** TASK BRIEF **
Give back the exact lines of the material below from the one containing "慢悠悠的过，稳稳当当的活。" through the one containing "Assorted dried plants", and no pictures.

** RECORDS SHOWN **
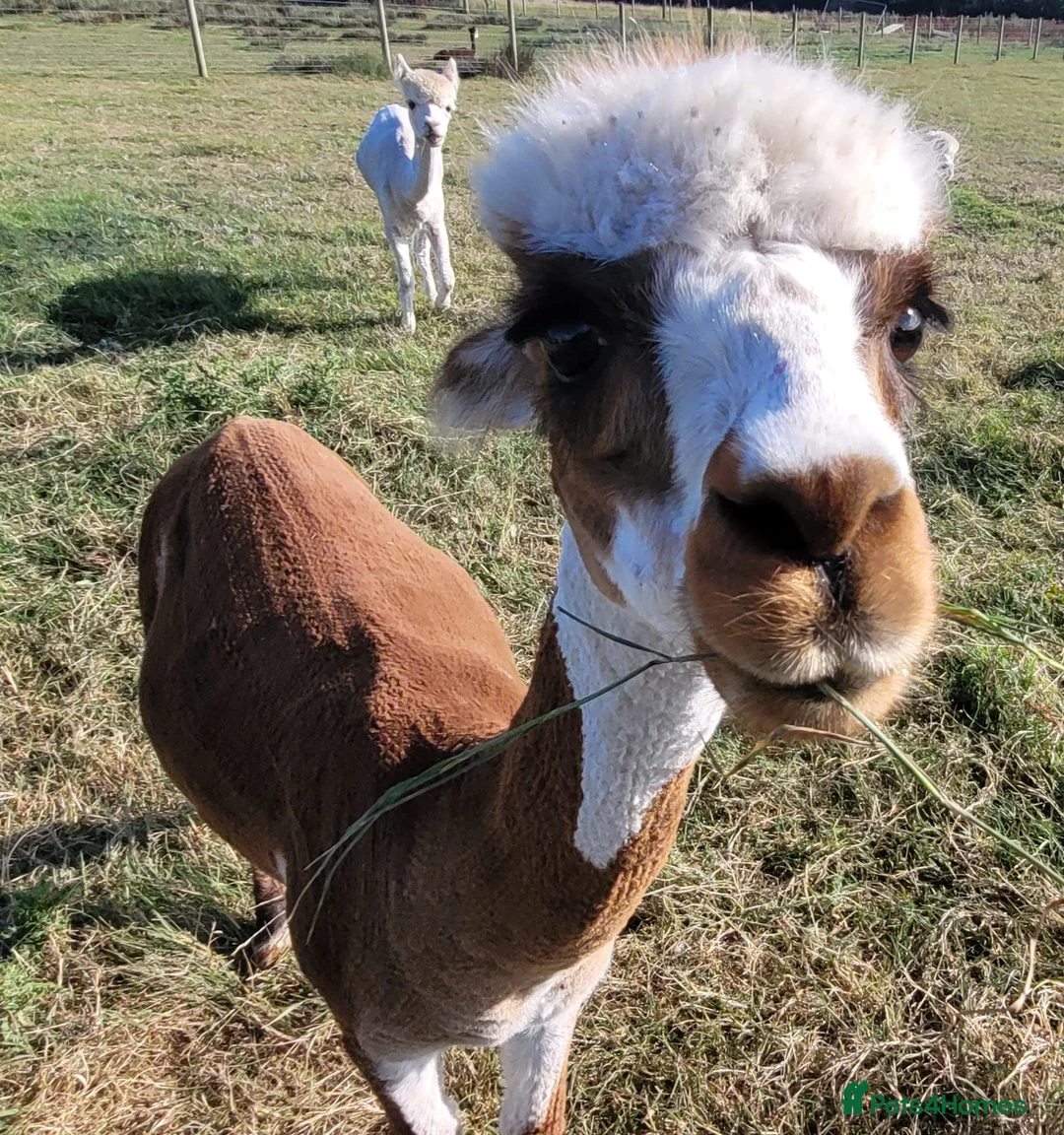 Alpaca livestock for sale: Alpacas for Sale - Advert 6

* * *

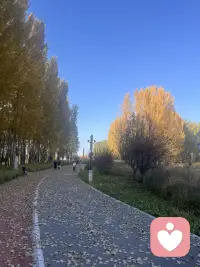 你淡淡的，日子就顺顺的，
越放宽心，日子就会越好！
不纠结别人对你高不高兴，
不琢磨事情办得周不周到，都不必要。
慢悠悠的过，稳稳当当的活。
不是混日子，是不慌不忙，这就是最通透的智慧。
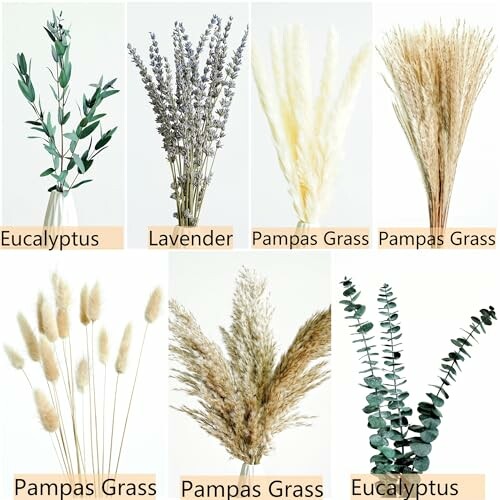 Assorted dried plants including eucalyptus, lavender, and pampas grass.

** SOLVED EXERCISE **
慢悠悠的过，稳稳当当的活。
不是混日子，是不慌不忙，这就是最通透的智慧。
 Assorted dried plants including eucalyptus, lavender, and pampas grass.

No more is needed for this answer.